- WHAT TO WORK ON:
Please reproduce the listing word for word. Pictures stay out.

- DATA EXTRACT:
################
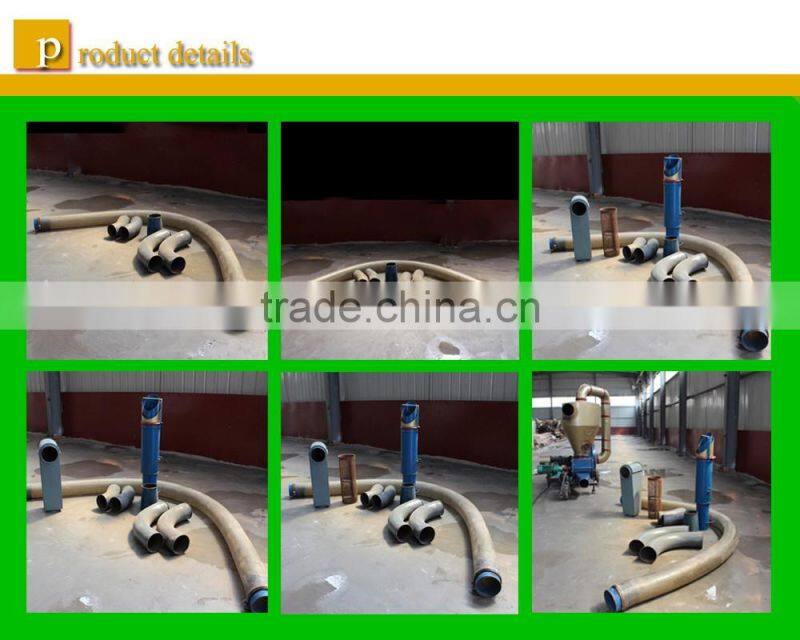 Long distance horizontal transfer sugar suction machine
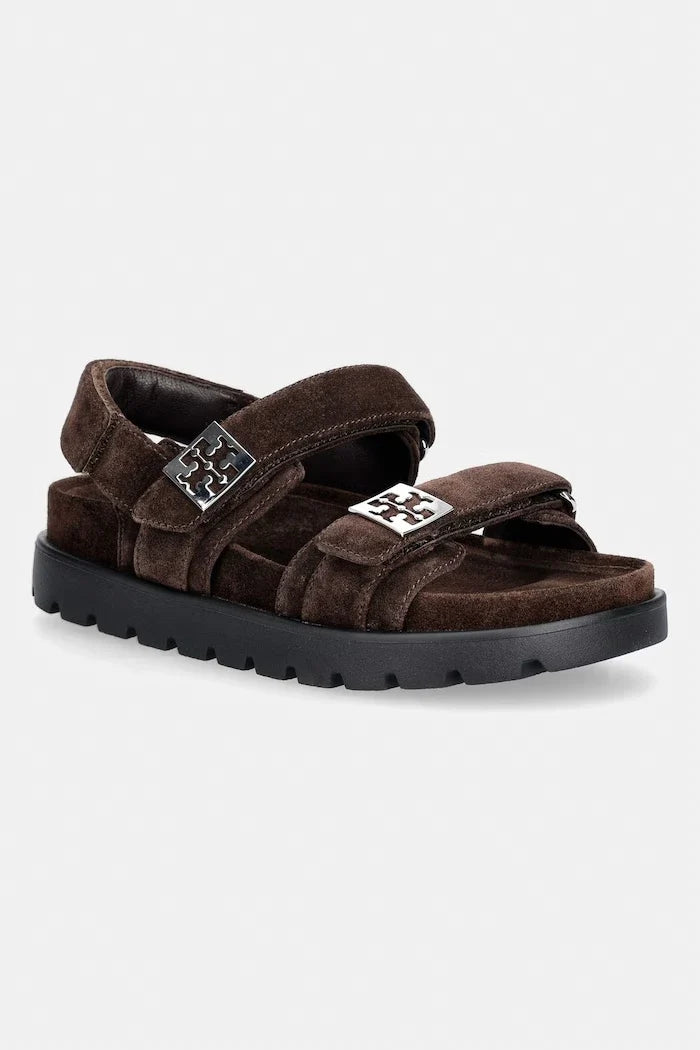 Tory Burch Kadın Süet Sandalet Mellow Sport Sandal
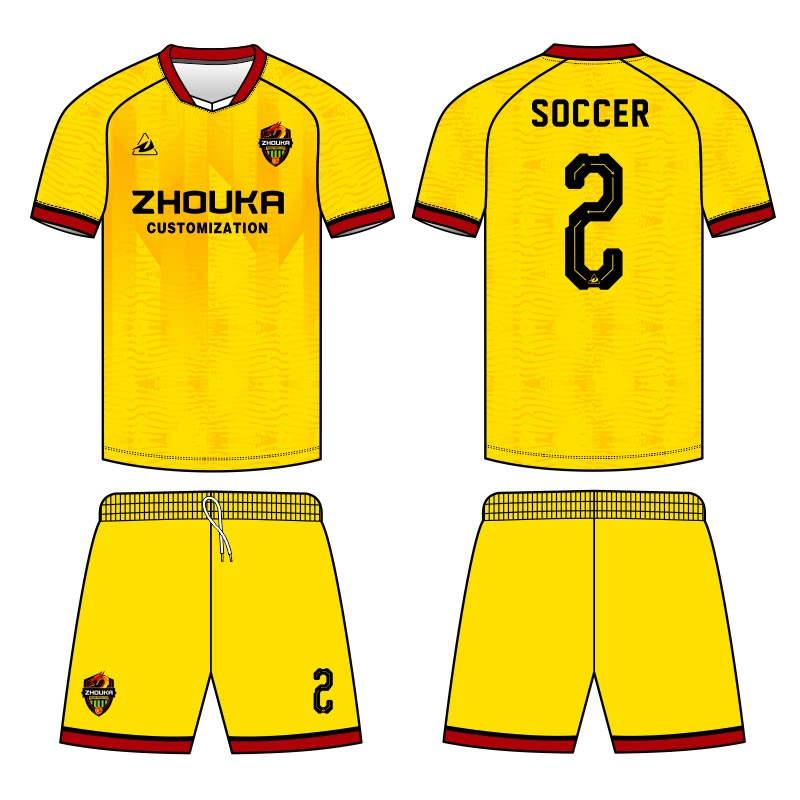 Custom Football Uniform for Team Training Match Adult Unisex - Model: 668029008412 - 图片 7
################
- SOLUTION TO THE EXERCISE:
 Long distance horizontal transfer sugar suction machine
 Tory Burch Kadın Süet Sandalet Mellow Sport Sandal
 Custom Football Uniform for Team Training Match Adult Unisex - Model: 668029008412 - 图片 7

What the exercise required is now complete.